The pope will use a closed car in all his visits to Iraqi cities, Bruni added, apart from Erbil stadium on Sunday, when he will use an open car and will celebrate Mass.

This papal trip “will be different from those made in the past due to the COVID-19 pandemic,” Bruni said.

No meetings with crowds are scheduled except for Mass in Erbil; only 10,000 faithful will be allowed there in order to respect social distancing.

This will be the pope’s first trip abroad in about 15 months due to the coronavirus pandemic and subsequent restrictions on movement. It is also the first-ever papal journey to Iraq.

He will be accompanied by Vatican Secretary of State Cardinal Pietro Parolin; the prefect of the Congregation for the Oriental Churches, Cardinal Leonardo Sandri; and Archbishop Paul Gallagher, secretary for relations with states.

Seventy-five embedded journalists will also travel aboard the special flight that will take the leader of the Catholic Church from Rome to Baghdad — almost double the number normally allowed on a papal flight.

Parolin described the pope’s visit as a sign of his “closeness to the Catholic Church” in Iraq and to the country’s dwindling Christian communities.

“We know that the Church (in Iraq) has suffered a lot,” Parolin said. “It has lost many Christians who have left Iraq for other countries.”

Therefore, the Church needs the pope’s presence “to be encouraged and to continue her mission of witnessing Jesus Christ and the Gospel in the difficult situation in which she finds herself,” Parolin added.

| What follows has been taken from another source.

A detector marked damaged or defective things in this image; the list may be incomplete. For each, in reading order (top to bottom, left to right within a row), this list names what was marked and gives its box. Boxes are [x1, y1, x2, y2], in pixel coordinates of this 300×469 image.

The pope’s visit will also “boost the efforts that have already started to reconstruct the country,” Parolin said, adding that it will be an occasion of “interreligious dialogue, collaboration, understanding and fraternity between Christians and Muslims for the good of the country and its brighter future.”

The pope will fly to Baghdad on Friday, and will be welcomed at the airport by Iraq’s prime minister.

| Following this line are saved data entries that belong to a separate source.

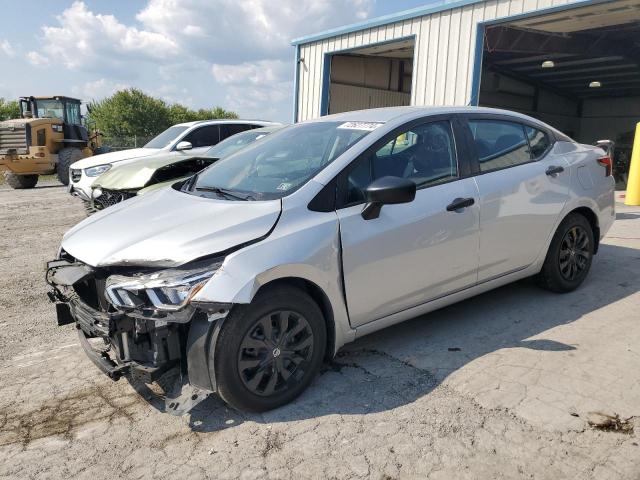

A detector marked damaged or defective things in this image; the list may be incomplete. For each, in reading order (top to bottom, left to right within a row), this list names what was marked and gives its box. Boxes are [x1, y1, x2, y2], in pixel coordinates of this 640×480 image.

damaged front bumper [45, 256, 230, 414]
crushed front end [46, 251, 230, 416]
exposed headlight assembly [105, 260, 222, 314]
cracked concrete pad [1, 182, 640, 478]
damaged white car [46, 107, 616, 414]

On Saturday, the pope will go to the city of Najaf, where he will meet Grand Ayatollah Ali Al-Sistani, spiritual leader of Iraq’s Shiite Muslims.

Bruni said this will be the first face-to-face meeting between a Catholic pontiff and a Shiite ayatollah.

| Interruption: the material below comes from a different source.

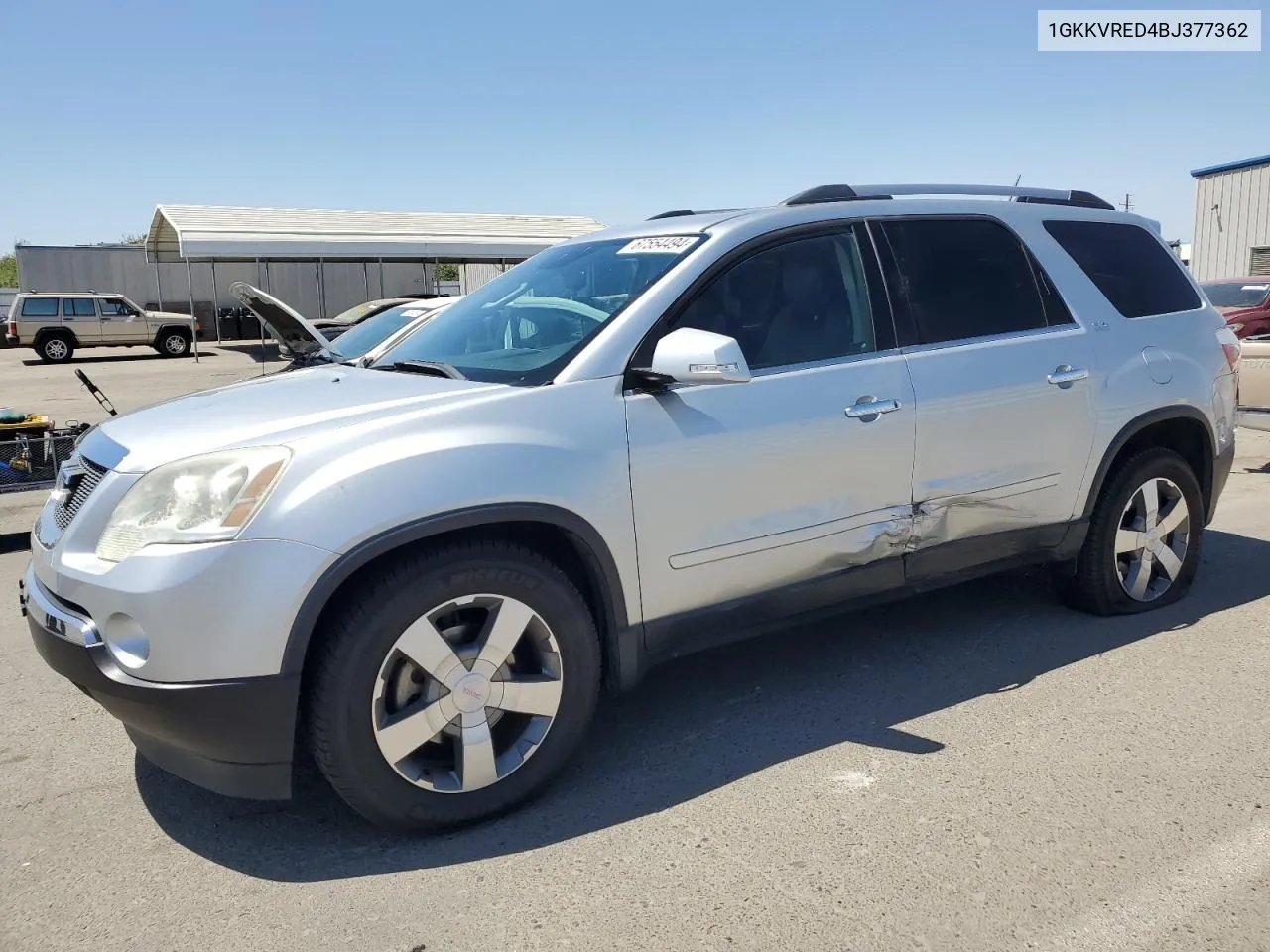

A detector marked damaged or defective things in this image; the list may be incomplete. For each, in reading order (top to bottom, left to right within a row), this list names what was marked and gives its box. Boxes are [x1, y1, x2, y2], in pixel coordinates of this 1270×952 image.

damaged rear door [623, 223, 913, 647]
damaged rear door [873, 214, 1103, 571]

The pope will then visit the ancient city of Ur, considered by the Bible to be Abraham’s birthplace.

On Sunday he will fly by helicopter to Mosul, which from 2014 to 2017 was the de facto capital of Daesh’s self-proclaimed caliphate.

There, Buni said, the pope will have “a moment of intimate prayer to honor the victims of this land.”

He will then fly to Qaraqosh, a Christian-majority city where in 2014, about 45,000 people were expelled by Daesh, before heading to Erbil for a mass at Franso Hariri stadium.